* **Data to use**:
------------------------------------

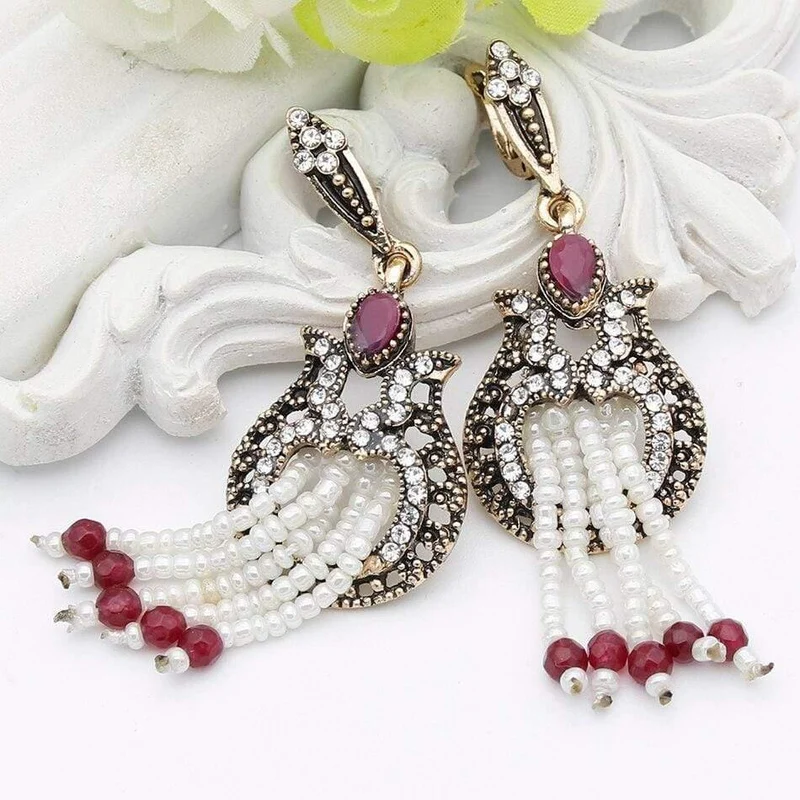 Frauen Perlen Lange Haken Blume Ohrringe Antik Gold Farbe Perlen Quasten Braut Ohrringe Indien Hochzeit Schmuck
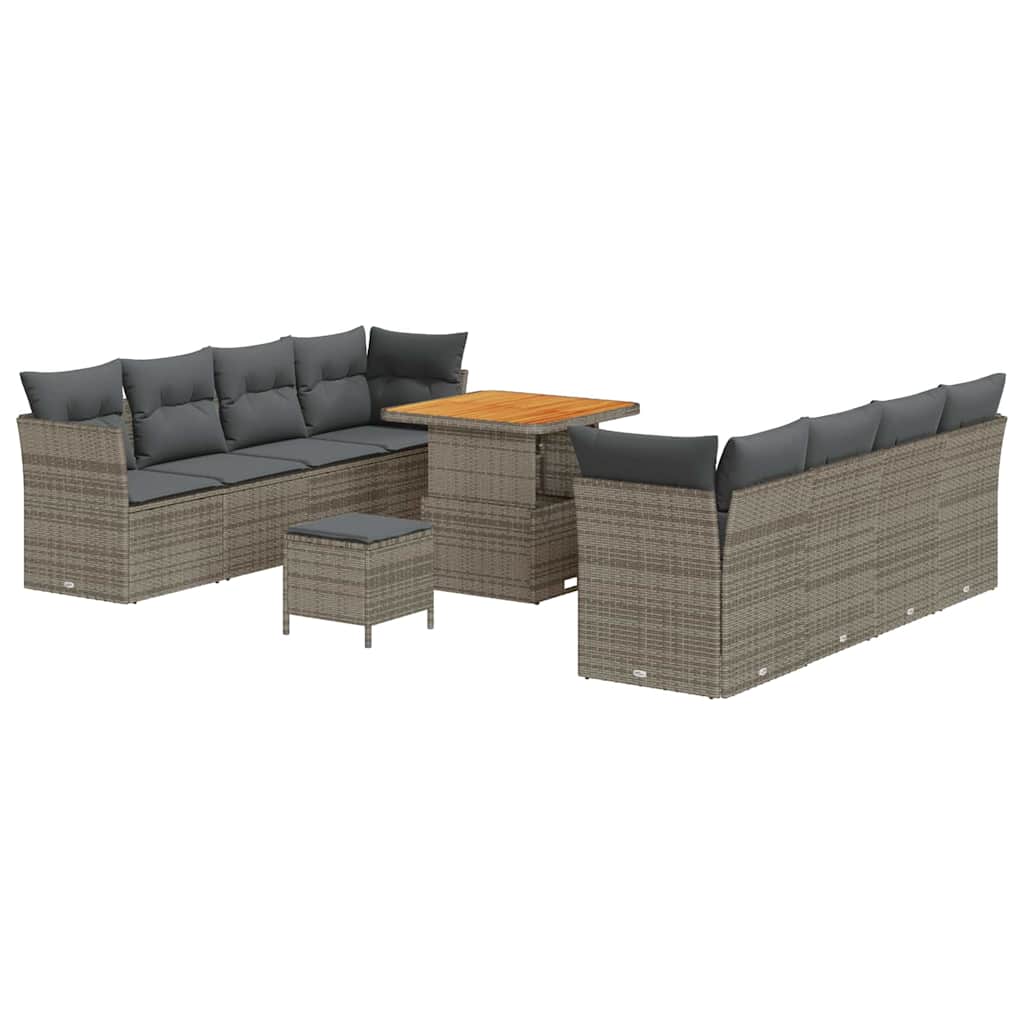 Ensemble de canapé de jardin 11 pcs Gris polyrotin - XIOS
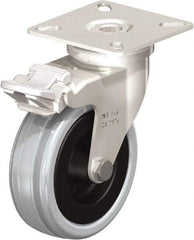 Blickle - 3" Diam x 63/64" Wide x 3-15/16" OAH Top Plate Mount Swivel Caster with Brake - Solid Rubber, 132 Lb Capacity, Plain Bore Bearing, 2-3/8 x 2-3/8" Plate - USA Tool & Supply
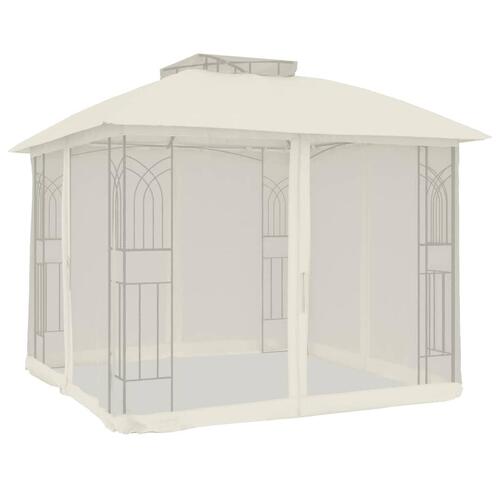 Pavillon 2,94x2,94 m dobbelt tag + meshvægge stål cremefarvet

------------------------------------

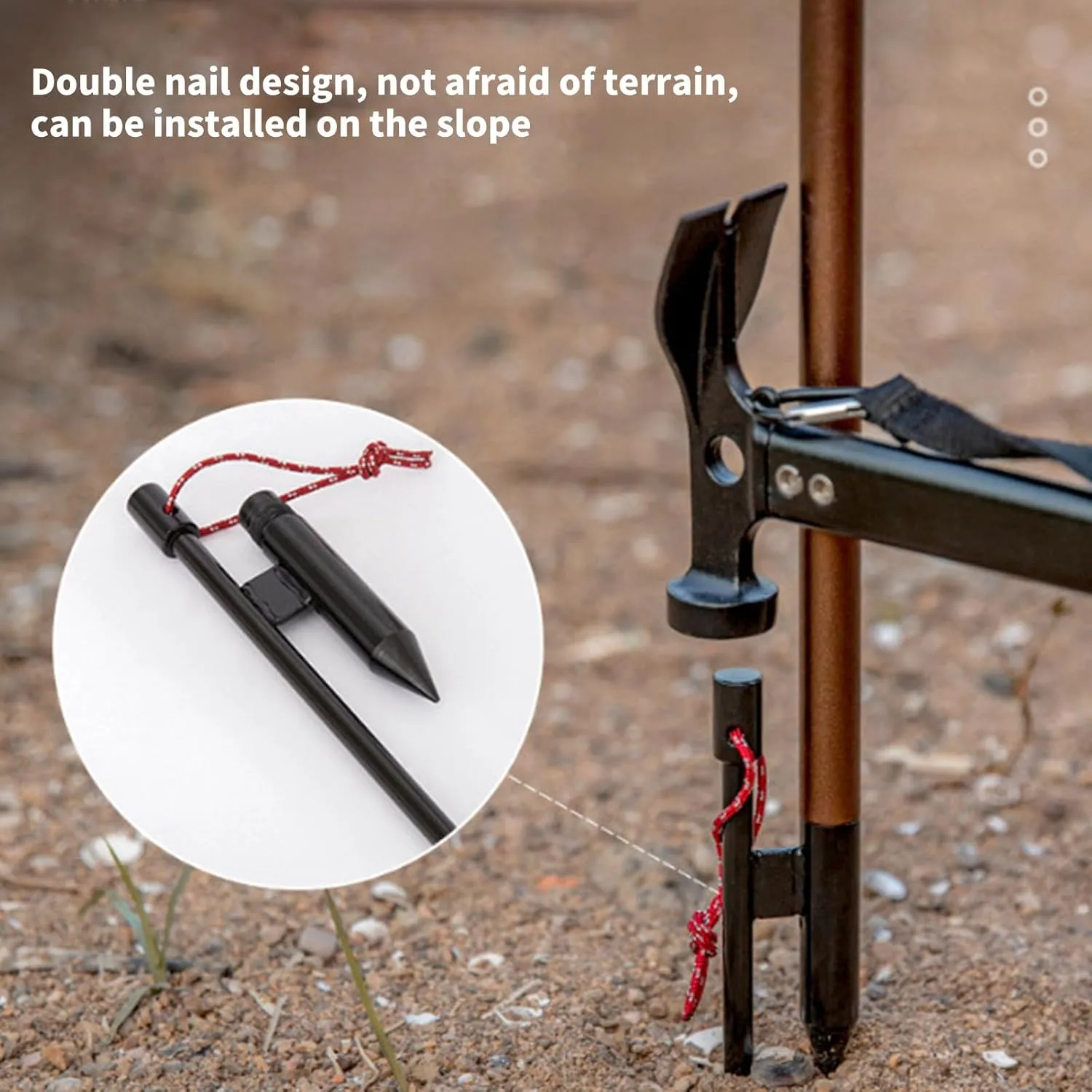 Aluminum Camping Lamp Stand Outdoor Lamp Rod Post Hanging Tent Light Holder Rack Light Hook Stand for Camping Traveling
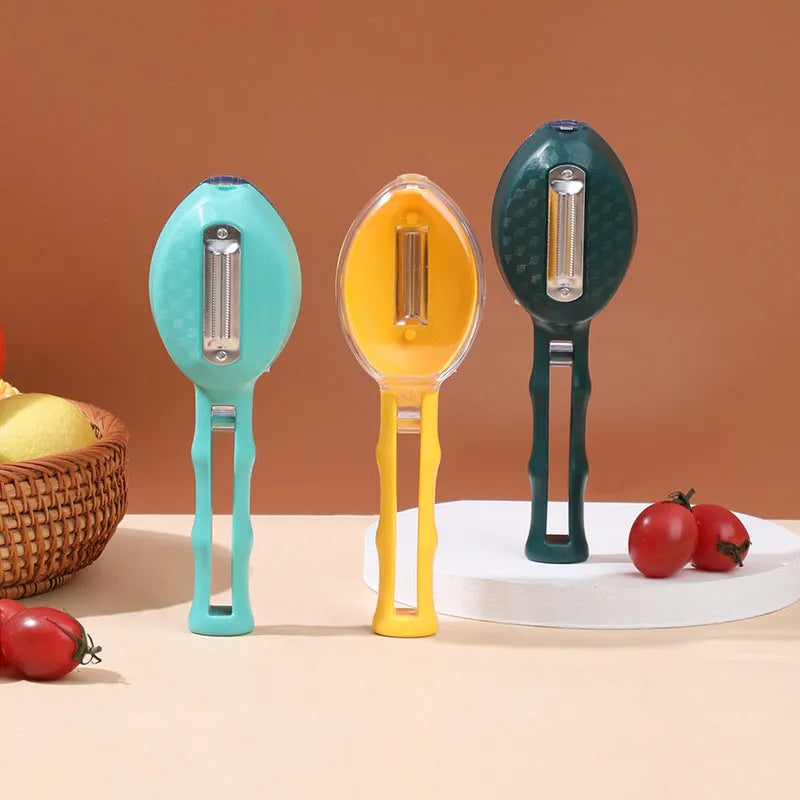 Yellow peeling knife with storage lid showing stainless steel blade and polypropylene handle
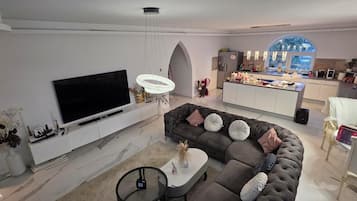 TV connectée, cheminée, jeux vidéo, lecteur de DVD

------------------------------------

* **Problem description**: Starting with the line above that holds "Ensemble de canapé", restate each line word for word up to and including the line that holds "Pavillon 2,94x2,94 m". Drop the pictures.

* **Answer to the problem**:
 Ensemble de canapé de jardin 11 pcs Gris polyrotin - XIOS
 Blickle - 3" Diam x 63/64" Wide x 3-15/16" OAH Top Plate Mount Swivel Caster with Brake - Solid Rubber, 132 Lb Capacity, Plain Bore Bearing, 2-3/8 x 2-3/8" Plate - USA Tool & Supply
 Pavillon 2,94x2,94 m dobbelt tag + meshvægge stål cremefarvet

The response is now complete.